### EXERCISE
A faithful copy is required of the lines from the top of the entries through the line that contains "259���. ���.068�-161.", both included, with no pictures.

Captioned web image data:

········

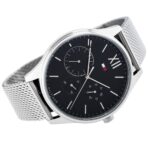 Tommy Hilfiger watch for Men 1791415 - Image 3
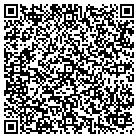 QR code with Kroger Engineering Warehouse contacts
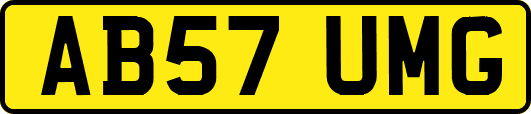 AB57UMG
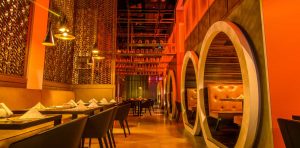 Ibis One Central Dubai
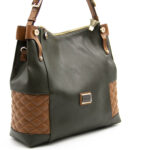 1055/M69 HAKI / NOVA K.TABA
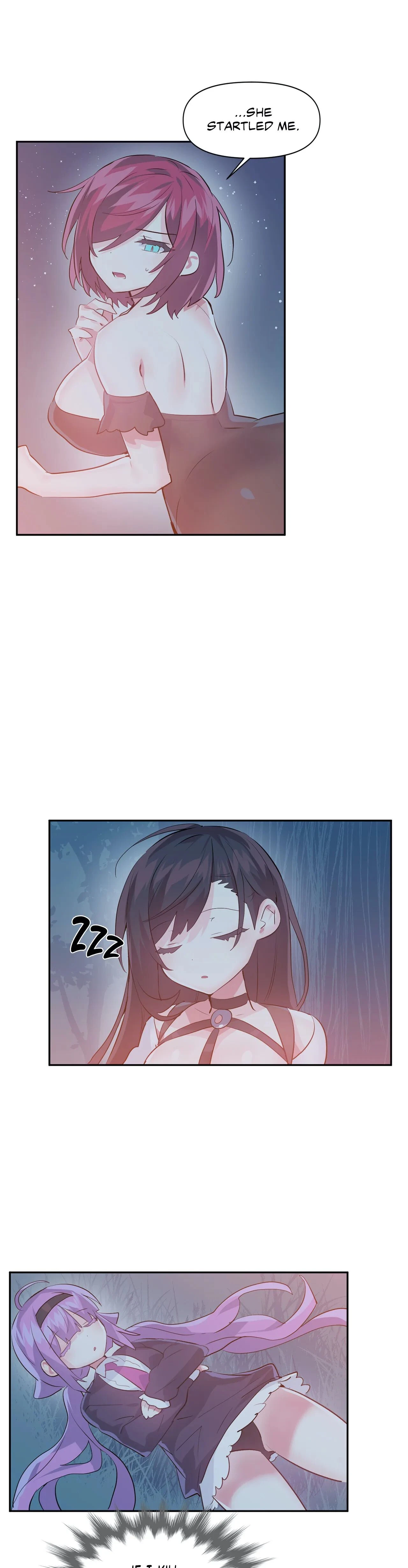 Chapter 37, page 17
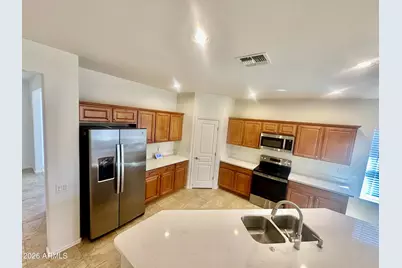 11709 W Sherman Street, Avondale, AZ 85323 - Photo 3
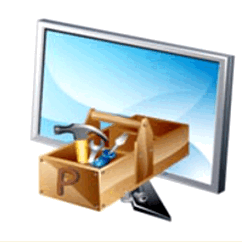 Puran Utilities (โปรแกรม รวมเครื่องมือ ดูแลจัดการระบบคอมพิวเตอร์) : Puran Utilities (โปรแกรม รวมเครื่องมือ ดูแลจัดการระบบคอมพิวเตอร์) :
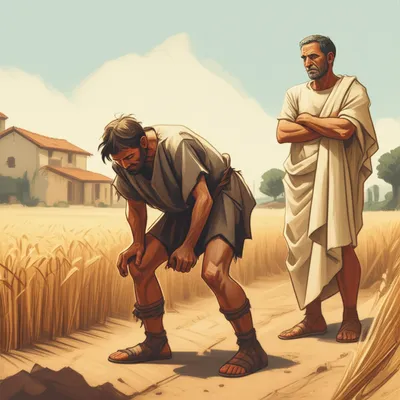 Illustration nexus - Image 1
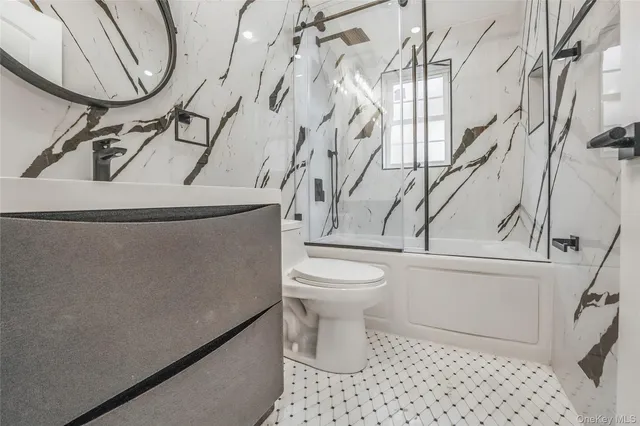 $1,475,000 | 116-39 Newburg Street | St. Albans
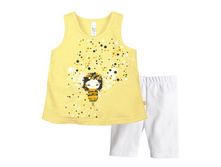 259���. ���.068�-161.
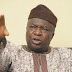 My summon by High Court shocking, embarrassing – Ekiti Speaker, Oluwawole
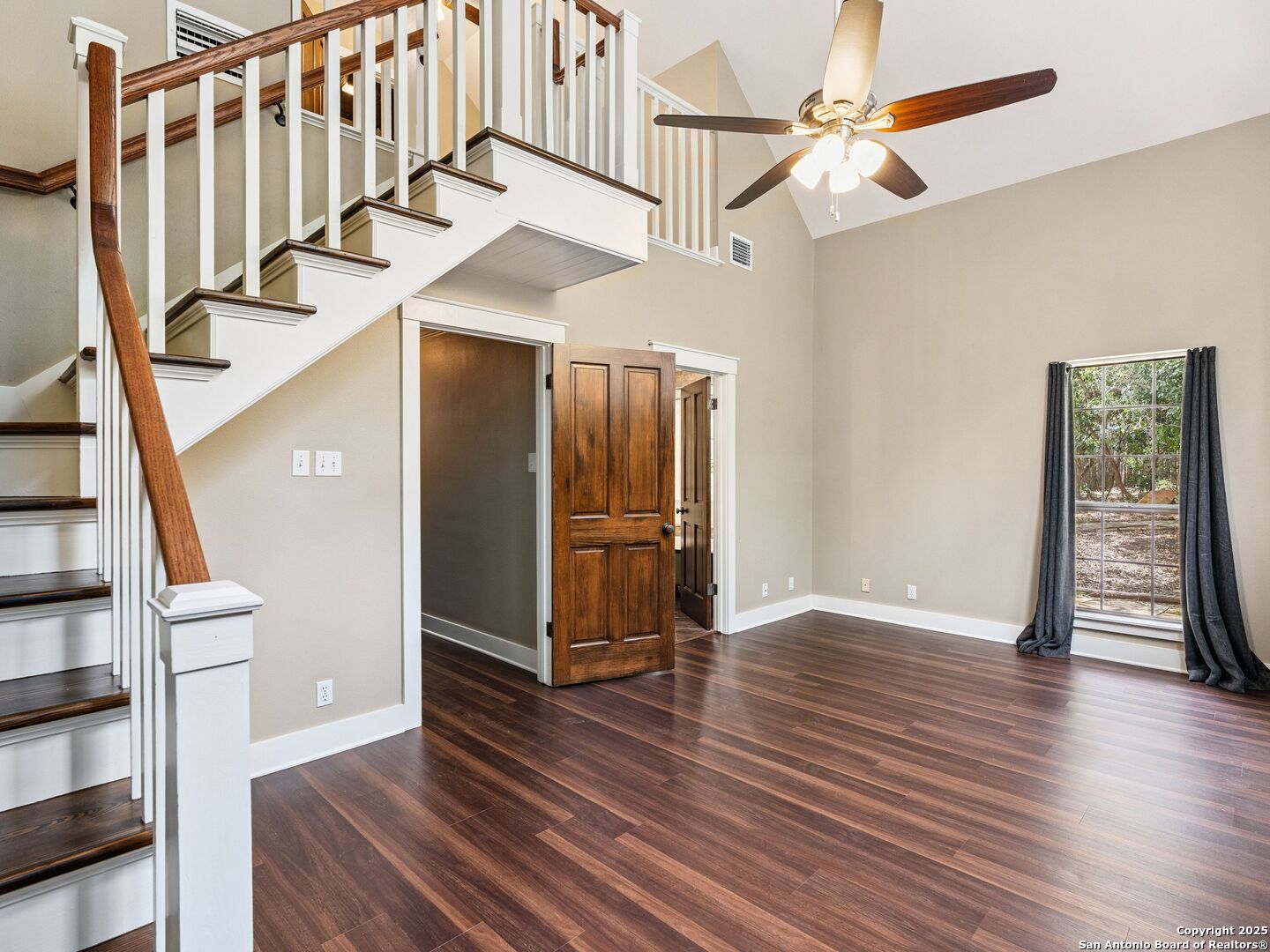 146/144 Ranger Creek Road Boerne TX 78006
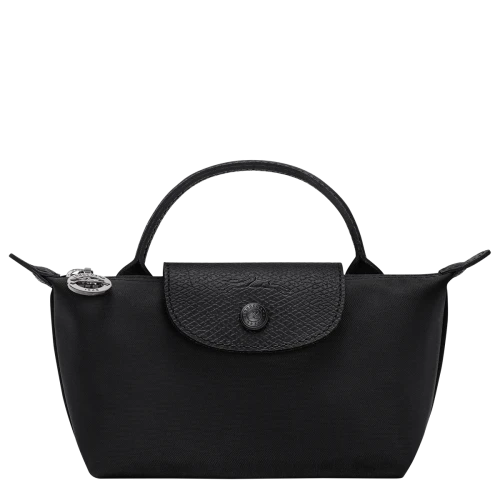 Pouch Le Pliage One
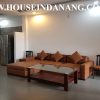 Da Nang apartment rental in Vietnam, Ngu Hanh Son district 3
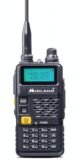 Radio Midland VHF/UHF CT590 S 5W_default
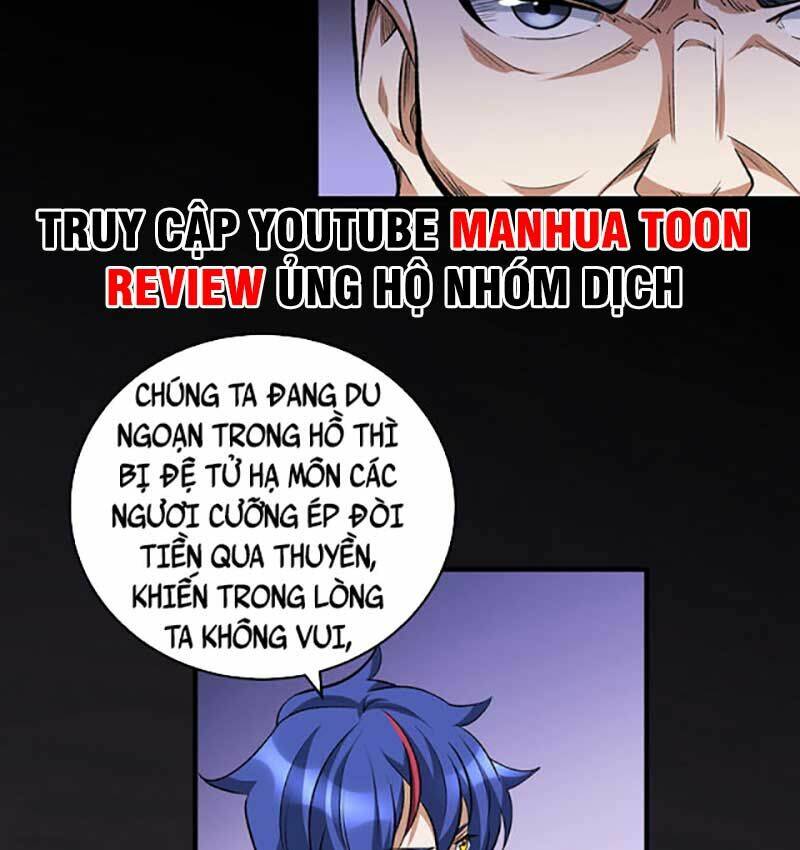 Chương 628 - Trang 5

········

### TASK RESPONSE
 Tommy Hilfiger watch for Men 1791415 - Image 3
 QR code with Kroger Engineering Warehouse contacts
 AB57UMG
 Ibis One Central Dubai
 1055/M69 HAKI / NOVA K.TABA
 Chapter 37, page 17
 11709 W Sherman Street, Avondale, AZ 85323 - Photo 3
 Puran Utilities (โปรแกรม รวมเครื่องมือ ดูแลจัดการระบบคอมพิวเตอร์) : Puran Utilities (โปรแกรม รวมเครื่องมือ ดูแลจัดการระบบคอมพิวเตอร์) :
 Illustration nexus - Image 1
 $1,475,000 | 116-39 Newburg Street | St. Albans
 259���. ���.068�-161.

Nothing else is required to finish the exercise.